Staring at Dane, and Nico, I’m reminded of our dates, what each of them did to me, for me. Dane behind me, guiding that toy in and out. Opening me up, showing me how to relax. Nico, unabashedly eating me in a way I’d never anticipated, bringing a flavor of pleasure completely new to me.

Maybe I’m not ready. But I feel ready.

I turn and step into Cole, barely registering the dull thunk of our bags as he drops them to the floor, his arms coming around me, pulling me in. He’d specifically turned down the offer for the bell hop—we only had the two duffel bags, and he wanted to protect our privacy.

As I kiss Cole, I’m aware of the sounds behind me, the movement. Then, Cole walks me backward, and I’m in a massive gilded bathroom, which also has a chandelier.
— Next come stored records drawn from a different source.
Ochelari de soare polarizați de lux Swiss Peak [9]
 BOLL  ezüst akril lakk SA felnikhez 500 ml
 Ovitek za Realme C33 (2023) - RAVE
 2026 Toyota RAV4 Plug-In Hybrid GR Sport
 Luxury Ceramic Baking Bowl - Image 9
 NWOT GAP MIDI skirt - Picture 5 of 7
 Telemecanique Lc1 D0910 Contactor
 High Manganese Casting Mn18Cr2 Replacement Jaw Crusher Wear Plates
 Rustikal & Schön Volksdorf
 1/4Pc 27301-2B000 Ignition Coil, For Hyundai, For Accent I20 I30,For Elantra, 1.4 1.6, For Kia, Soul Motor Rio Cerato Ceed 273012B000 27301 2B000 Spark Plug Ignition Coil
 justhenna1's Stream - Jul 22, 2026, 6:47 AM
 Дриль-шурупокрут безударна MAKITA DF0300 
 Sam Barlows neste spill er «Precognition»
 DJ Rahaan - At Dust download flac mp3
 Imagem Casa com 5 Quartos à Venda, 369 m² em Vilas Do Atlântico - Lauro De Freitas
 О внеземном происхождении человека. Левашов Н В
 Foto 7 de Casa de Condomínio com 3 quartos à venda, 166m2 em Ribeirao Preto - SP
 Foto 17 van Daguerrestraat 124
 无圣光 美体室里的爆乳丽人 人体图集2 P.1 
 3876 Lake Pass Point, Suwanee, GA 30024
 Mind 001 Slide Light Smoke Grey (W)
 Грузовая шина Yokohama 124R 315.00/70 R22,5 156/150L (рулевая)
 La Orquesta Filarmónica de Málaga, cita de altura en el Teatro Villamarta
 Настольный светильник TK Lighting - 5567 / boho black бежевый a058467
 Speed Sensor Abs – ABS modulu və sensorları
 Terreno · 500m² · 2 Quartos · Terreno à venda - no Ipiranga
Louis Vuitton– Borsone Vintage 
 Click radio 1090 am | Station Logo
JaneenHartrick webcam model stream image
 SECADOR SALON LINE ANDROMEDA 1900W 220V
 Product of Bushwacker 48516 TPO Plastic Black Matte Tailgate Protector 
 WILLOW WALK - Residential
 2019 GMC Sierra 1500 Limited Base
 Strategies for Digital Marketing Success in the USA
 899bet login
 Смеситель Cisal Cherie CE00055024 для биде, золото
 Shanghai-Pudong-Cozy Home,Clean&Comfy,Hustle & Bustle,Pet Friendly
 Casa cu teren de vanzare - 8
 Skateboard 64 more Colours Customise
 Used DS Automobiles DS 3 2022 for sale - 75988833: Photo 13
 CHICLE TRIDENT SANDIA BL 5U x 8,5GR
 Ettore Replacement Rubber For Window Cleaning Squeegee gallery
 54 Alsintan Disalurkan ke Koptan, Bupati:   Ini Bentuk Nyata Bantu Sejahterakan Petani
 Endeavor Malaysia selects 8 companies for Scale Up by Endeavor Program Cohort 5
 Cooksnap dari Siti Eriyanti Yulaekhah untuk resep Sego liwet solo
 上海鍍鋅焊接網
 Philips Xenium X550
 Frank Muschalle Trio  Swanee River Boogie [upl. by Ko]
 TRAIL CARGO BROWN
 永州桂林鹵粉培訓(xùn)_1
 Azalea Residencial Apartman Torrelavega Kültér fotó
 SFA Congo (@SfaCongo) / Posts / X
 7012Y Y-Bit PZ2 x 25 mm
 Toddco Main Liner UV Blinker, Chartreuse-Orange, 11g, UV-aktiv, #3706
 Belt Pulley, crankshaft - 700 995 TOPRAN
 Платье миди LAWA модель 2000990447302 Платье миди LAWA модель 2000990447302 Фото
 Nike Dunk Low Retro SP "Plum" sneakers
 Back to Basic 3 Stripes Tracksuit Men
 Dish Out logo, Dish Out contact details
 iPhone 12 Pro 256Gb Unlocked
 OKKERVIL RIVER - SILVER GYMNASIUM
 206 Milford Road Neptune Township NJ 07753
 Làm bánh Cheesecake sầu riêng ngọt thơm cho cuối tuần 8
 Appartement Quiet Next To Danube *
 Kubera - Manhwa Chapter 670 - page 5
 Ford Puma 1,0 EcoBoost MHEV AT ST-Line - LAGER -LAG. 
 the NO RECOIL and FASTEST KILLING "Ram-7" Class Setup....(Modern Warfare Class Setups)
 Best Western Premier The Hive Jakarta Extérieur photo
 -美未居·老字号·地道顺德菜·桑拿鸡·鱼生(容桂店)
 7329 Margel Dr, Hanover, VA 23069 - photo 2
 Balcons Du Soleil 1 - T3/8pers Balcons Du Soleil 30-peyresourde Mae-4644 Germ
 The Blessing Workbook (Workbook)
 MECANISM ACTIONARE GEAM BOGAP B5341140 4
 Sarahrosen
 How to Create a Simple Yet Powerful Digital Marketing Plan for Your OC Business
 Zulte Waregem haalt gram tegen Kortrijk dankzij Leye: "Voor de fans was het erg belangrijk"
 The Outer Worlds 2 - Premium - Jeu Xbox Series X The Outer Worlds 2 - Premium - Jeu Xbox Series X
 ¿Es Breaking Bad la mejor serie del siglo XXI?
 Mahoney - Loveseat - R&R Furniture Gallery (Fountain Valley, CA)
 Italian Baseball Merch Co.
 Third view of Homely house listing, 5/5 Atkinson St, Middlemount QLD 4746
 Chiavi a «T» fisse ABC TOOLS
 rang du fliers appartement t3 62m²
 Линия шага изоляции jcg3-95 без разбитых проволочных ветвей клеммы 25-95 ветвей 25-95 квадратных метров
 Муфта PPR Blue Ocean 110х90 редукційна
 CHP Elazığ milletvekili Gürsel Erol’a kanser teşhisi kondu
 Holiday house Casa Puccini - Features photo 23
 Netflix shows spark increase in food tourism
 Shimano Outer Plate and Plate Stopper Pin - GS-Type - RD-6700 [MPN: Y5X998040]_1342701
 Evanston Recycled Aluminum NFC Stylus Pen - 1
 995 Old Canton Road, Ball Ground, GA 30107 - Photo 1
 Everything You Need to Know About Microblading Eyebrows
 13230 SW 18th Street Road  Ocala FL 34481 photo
I pull back from him to laugh, but then the guys are stripping me down, their hands all over me, thumbs brushing against nipples and palms skating over the hair at the apex of my thighs.

It’s overwhelming in the best way. Together, a single unit, we step into the shower, which rains down over us as we soap each other. I touch them, breathe them in, run my fingers and lips and teeth over their skin, warm and water-softened.

Then I’m toweled off, and Dane picks me up. I wrap my legs around him automatically, remembering that night in the hotel, when I fell in the shower.

If I hadn’t fallen, would any of this be happening right now?

Holding me the entire time, he sits at the edge of the massive bed and scoots to the middle, his cock sliding against me with each jostle. Dane grabs the pillows from the top of the bed, dragging them down so there’s room over his head.